What you need to do
Copy the data exactly as it appears, and do not include any pictures.

Information provided
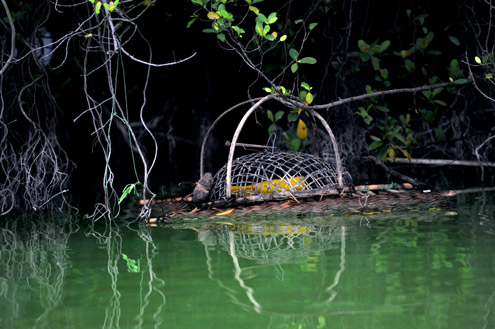 Cận cảnh 'phòng khám' của rùa hồ Gươm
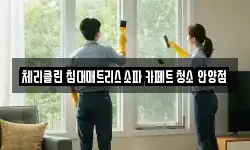 체리클린 침대매트리스 소파 카페트 청소 안양점
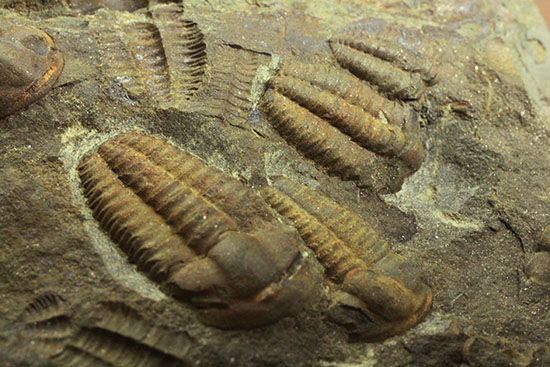 古生代カンブリア紀のチェコ産三葉虫、エリプソセファルス(Ellipsocephalus hoffi)。ネガポジ合わせて10体以上。(その14)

Exercise response
 Cận cảnh 'phòng khám' của rùa hồ Gươm
 체리클린 침대매트리스 소파 카페트 청소 안양점
 古生代カンブリア紀のチェコ産三葉虫、エリプソセファルス(Ellipsocephalus hoffi)。ネガポジ合わせて10体以上。(その14)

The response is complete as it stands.